Before we pounce on Judas Iscariot, we must recognize that inherent in each of us are the seeds of the Judas “Sin-drome,” the tendency to betray the truth, to cause misery to others around us, and to self-destruct. We can listen to God’s Word, gain knowledge of the truth, and yet never allow that truth to transform us.
Judas received Jesus as a teacher, but he did not receive Jesus as Lord and Master. Matthew 26:20-25 reveals the striking difference between Judas and the other disciples. Matthew tells us, “Now when evening came, Jesus was reclining at the table with the twelve disciples. As they were eating, He said, ‘Truly I say to you that one of you will betray Me.’ Being deeply grieved, they each one began to say to Him, ‘Surely not I, Lord?’ And He answered, ‘He who dipped his hand with Me in the bowl is the one who will betray Me. The Son of Man is to go, just as it is written of Him, but woe to that man by whom the Son of Man is betrayed! It would have been good for that man if he had not been born.’ And Judas, who was betraying Him, said, ‘Surely it is not I, Rabbi?’ Jesus said to him, ‘You have said it yourself.’”

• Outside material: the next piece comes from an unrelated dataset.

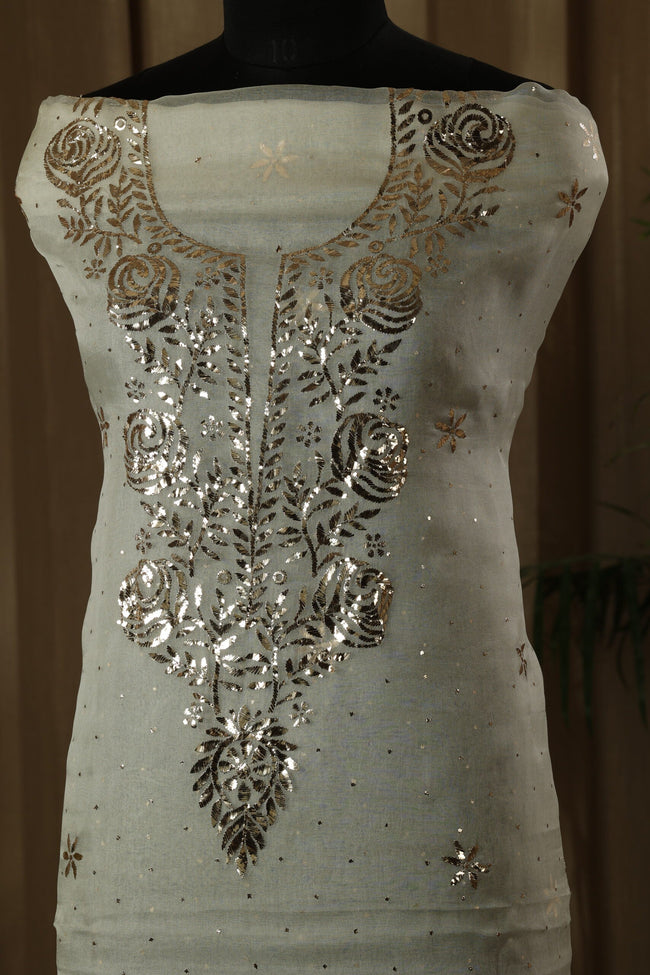 Urviya Unstiched Chikankari Pure Organza Suit With Pitta Work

We need to take note of several things in this passage. The first being, the statement of Jesus concerning the one “who dipped his hand with Me in the bowl.” This was more than a simple violation of etiquette, it was an act of Judas, affirming his perceived equality with Jesus. In that culture one would never dip his hand in the bowl with one he viewed as his master. Craig Keener in his commentary on Matthew points out: “By dipping his hand with Jesus in the bowl containing the sauce of bitter herbs Matt. 26:23), the betrayer had shown himself a treacherous person indeed; rising against one with whom he had eaten violated the sanctity of tradition (Ps. 41:9).”

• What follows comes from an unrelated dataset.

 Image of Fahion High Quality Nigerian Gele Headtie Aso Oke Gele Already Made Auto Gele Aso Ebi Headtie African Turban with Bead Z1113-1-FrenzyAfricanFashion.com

Secondly, Matthew makes it quite plain, that the other eleven disciples refer to Jesus by the term “Lord,” the Greek word being “Kurios.” But Judas uses the term “Rabbi,” which means “teacher.” There were many rabbis in Israel and Judas acknowledged Jesus’ status as part of that group, but he did not acknowledge Him as Lord. Thirdly, note the response of Jesus in verse 25; “You said it yourself,” what had Judas said? I believe it was his reference to Jesus as “Rabbi” rather than “Lord.” I recognize that there are those who claim that these two terms were used interchangeably in the popular parlance of that day, but many commentators see significance in Matthew’s nuance. They also find Jesus’ roundabout reply as significant. Judas regards Jesus only as a teacher.
The Judas “Sin-drome” begins to take effect in our lives when we receive Jesus as our teacher, but not as our Lord. We listen to His teaching and even agree, mentally and verbally, to the wisdom of it. But we fail to come under the authority of it. As a result, the “sin-gap” begins to widen in our lives – the gap between what we know and what we do (James 4:17). We begin to drift toward destruction. If I think that I am immune from the Judas “Sin-drome,” I am already ensnared by it. We can minimize, justify, and rationalize our betrayal of the truth, our disobedience, and our sin.

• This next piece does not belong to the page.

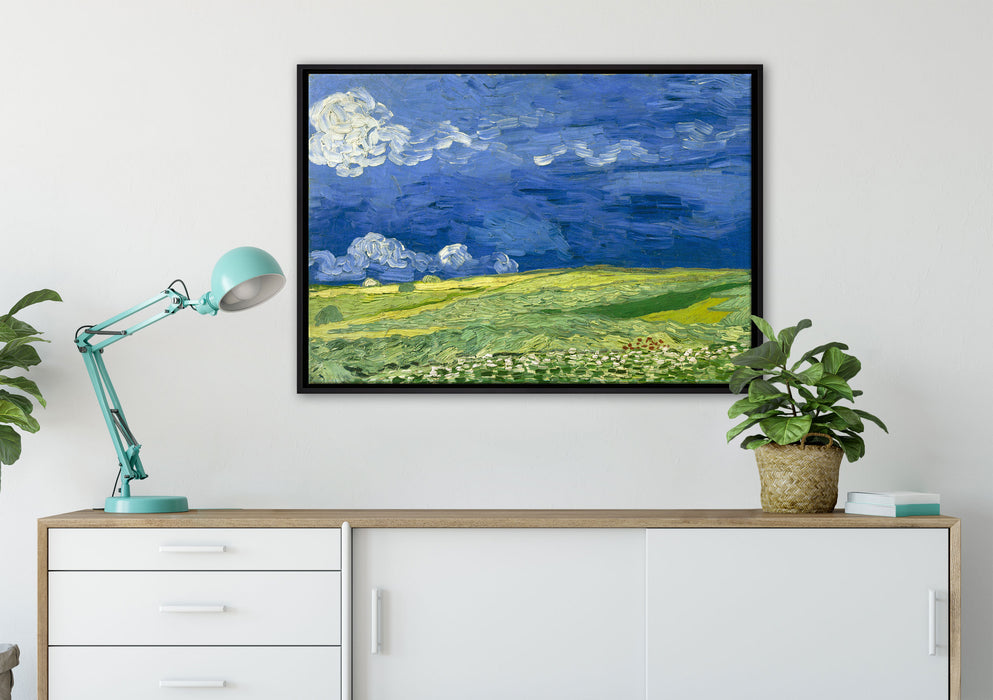Vincent Van Gogh - Weizenfeld unter Gewitterwolken auf Leinwandbild gerahmt verschiedene Größen im Wohnzimmer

The only way to live free from the Judas “Sin-drome” is to be well aware of our tendency to fall prey to it. This brings us to the place of dependence upon God’s grace, working through His Spirit, to keep us from the assumption that because we know the truth we are living the truth. Being in the company of Jesus’ disciples does not necessarily make you one. Having Jesus as our teacher is not the same as having Him as Lord.